Déjà, la diminution constante de l’intensité de l’impact des sanctions européennes et américaines contre la Russie parle d’elle-même. The Economist, qui est un critique virulent du Kremlin, a admis cette semaine que le coup de grâce attendu des restrictions anti-russes « ne s’est pas matérialisé. » Le magazine écrit : « Les ventes d’énergie vont générer un excédent de la balance courante de 265 milliards de dollars cette année (pour la Russie), le deuxième plus important au monde après la Chine. Après avoir traversé une crise, le système financier russe s’est stabilisé et le pays trouve de nouveaux fournisseurs pour certaines importations, notamment la Chine. »

Sur une note plus sombre, The Economist écrit : « Le moment unipolaire des années 1990, où la suprématie de l’Amérique était incontestée, est révolu depuis longtemps, et l’appétit de l’Occident pour le recours à la force militaire s’est émoussé depuis les guerres en Irak et en Afghanistan. »

Une fois de plus, à l’échelle internationale, le soutien à l’Ukraine en dehors du bloc occidental a chuté de façon spectaculaire au cours des derniers mois. La proposition de Kiev, mercredi, de condamner la Russie n’a reçu le soutien que de 58 des 193 États membres des Nations unies, alors que, lors de la session de l’Assemblée générale des Nations unies du 2 mars, 141 pays membres avaient voté en faveur d’une résolution non contraignante condamnant Moscou.

De même, la couche de vernis de Zelensky s’écaille. Sa toxicomanie devient visible au grand jour. Le régime vacille, comme le montre la vague de purges dans l’establishment sécuritaire ukrainien. Selon le président turc Recep Erdogan, qui a récemment rencontré Zelensky à Lvov, ce dernier semblait peu sûr de lui et ne savait pas s’il était pleinement informé de la situation sur le terrain.

Le comportement erratique de Zelensky n’est pas non plus très sympathique. Le Pape François est la dernière figure en date à être réprimandée par Kiev – parce que le Pontife a fait remarquer que Darya Dugina était « innocente ». L’ambassadeur du Vatican a été convoqué au ministère des Affaires étrangères pour recevoir les protestations de Kiev.

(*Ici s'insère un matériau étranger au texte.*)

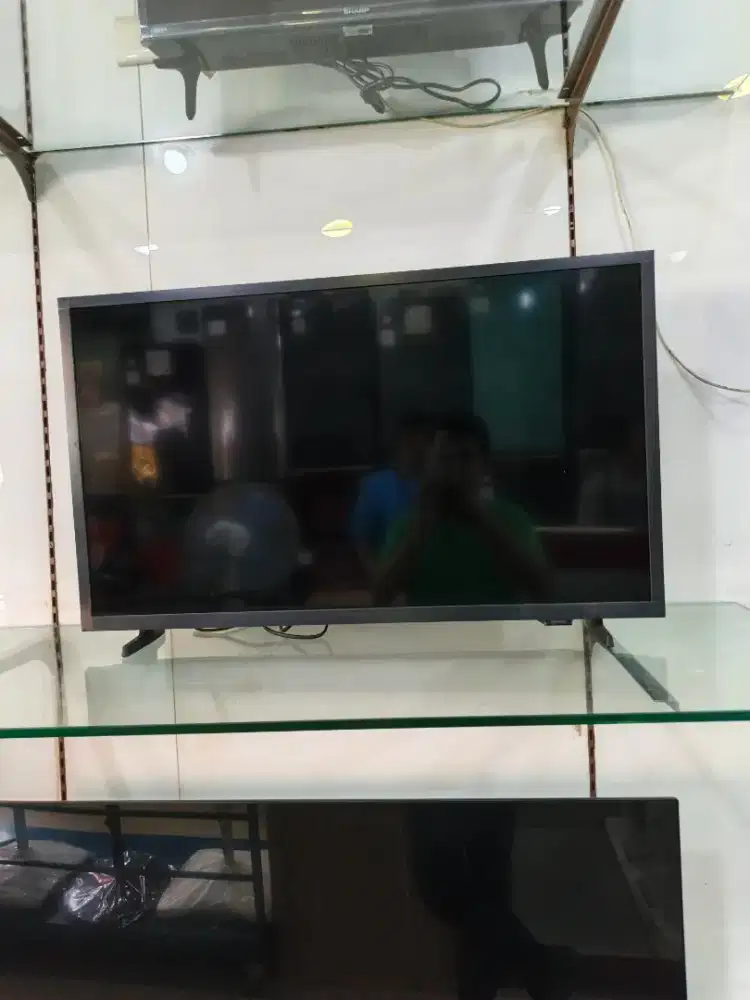 Tv samsung 32 inch promo kredit bunga ringan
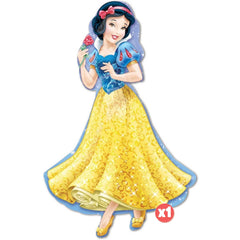 Snow White's Apple Party Balloon Kit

Le quotidien allemand Handelsblatt a écrit aujourd’hui que la « cohésion interne » du gouvernement ukrainien « est en danger. De graves allégations pèsent sur le président… À l’intérieur, le président ukrainien, célébré à l’étranger comme un héros de guerre, est sous pression… Le comédien est devenu un chef de guerre… Jusqu’à présent, l’homme de 44 ans a pu échanger et agir librement avec son équipe, composée en partie de collègues de sa société de production télévisuelle. Mais le délai de grâce semble maintenant avoir expiré« . Le quotidien prévoit l’approche d’un bouleversement politique d’ici l’hiver.

Biden a soigneusement pris ses distances avec le régime de Kiev et s’est concentré sur les relations interpersonnelles. Bien que les Américains connaissent les couloirs byzantins du pouvoir à Kiev, ils ne peuvent pas se permettre d’être aussi explicites que l’ancien président russe, Dmitri Medvedev. La semaine dernière, il a prédit que les militaires ukrainiens pourraient organiser un coup d’État et entamer des pourparlers de paix avec la Russie.